▼▼▼
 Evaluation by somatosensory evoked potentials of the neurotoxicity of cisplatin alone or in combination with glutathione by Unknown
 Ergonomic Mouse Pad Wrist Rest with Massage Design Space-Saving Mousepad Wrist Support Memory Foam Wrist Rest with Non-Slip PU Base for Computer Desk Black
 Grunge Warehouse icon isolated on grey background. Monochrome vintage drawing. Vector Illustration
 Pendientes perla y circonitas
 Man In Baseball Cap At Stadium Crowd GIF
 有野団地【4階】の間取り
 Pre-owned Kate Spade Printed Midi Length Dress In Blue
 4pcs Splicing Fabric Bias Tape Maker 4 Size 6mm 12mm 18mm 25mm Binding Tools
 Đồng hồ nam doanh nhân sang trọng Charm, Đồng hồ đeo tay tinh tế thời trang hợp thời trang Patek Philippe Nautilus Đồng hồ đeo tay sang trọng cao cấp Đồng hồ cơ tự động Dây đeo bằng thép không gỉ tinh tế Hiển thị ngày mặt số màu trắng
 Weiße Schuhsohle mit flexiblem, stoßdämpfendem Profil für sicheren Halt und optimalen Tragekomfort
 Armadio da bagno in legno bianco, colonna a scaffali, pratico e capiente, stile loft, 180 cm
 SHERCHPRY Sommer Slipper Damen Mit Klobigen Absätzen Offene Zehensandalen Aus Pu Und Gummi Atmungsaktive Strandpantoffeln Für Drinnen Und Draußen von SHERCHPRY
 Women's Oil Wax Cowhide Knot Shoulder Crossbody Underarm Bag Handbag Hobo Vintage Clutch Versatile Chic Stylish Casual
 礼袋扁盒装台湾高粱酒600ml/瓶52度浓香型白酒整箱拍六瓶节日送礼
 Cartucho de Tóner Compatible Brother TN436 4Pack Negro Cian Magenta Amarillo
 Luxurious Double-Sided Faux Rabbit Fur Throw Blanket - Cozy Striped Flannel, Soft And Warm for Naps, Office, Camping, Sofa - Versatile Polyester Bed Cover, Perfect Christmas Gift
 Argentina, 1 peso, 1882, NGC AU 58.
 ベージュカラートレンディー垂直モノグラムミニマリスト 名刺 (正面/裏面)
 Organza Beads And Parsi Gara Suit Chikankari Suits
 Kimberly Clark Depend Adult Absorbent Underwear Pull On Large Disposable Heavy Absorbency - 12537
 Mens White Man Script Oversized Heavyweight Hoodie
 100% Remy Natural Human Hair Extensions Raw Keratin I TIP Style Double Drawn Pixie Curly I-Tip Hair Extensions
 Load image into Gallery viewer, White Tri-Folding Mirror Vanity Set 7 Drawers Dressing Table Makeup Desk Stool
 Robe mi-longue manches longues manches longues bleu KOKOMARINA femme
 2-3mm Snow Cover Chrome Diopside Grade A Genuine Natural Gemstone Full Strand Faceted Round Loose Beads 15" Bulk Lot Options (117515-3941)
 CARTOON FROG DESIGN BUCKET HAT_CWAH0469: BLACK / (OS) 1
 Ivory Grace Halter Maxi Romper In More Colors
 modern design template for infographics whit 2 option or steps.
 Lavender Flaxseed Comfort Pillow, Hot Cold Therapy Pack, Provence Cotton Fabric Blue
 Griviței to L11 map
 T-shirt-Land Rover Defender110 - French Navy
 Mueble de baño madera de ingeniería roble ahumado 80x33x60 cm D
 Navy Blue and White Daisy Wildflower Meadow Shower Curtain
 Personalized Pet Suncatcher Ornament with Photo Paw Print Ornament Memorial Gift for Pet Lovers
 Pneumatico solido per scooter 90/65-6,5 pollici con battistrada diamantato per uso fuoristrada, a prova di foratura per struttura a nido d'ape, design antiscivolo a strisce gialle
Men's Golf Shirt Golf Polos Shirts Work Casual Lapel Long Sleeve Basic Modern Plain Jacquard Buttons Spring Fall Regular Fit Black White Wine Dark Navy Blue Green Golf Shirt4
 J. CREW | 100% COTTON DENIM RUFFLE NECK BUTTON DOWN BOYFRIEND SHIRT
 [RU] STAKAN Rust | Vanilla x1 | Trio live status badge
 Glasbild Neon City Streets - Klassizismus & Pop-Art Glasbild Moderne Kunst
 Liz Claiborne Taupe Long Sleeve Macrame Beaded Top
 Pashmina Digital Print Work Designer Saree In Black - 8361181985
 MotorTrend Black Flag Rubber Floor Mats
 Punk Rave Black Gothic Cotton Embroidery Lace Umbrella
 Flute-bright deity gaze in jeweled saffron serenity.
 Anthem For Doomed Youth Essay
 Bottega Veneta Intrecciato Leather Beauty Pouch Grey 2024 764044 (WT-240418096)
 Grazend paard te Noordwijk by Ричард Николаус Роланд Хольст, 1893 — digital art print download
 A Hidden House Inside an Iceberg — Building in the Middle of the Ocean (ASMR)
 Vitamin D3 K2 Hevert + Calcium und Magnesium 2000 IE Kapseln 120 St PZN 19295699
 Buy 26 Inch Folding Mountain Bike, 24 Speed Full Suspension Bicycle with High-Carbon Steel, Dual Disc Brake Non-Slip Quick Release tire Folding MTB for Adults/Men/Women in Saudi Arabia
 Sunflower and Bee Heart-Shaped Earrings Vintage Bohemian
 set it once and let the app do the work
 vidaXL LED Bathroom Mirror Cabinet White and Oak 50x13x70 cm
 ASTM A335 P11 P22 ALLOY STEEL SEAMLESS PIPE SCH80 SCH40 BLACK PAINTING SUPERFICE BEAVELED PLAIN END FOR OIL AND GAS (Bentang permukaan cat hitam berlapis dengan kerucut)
▲▲▲
PROBLEM TO WORK ON -
Copy the lines of the data above exactly as written, beginning with the line containing "Men's Golf Shirt" and ending with the line containing "Liz Claiborne Taupe", and leave out all other lines.

SOLUTION TO THE EXERCISE -
Men's Golf Shirt Golf Polos Shirts Work Casual Lapel Long Sleeve Basic Modern Plain Jacquard Buttons Spring Fall Regular Fit Black White Wine Dark Navy Blue Green Golf Shirt4
 J. CREW | 100% COTTON DENIM RUFFLE NECK BUTTON DOWN BOYFRIEND SHIRT
 [RU] STAKAN Rust | Vanilla x1 | Trio live status badge
 Glasbild Neon City Streets - Klassizismus & Pop-Art Glasbild Moderne Kunst
 Liz Claiborne Taupe Long Sleeve Macrame Beaded Top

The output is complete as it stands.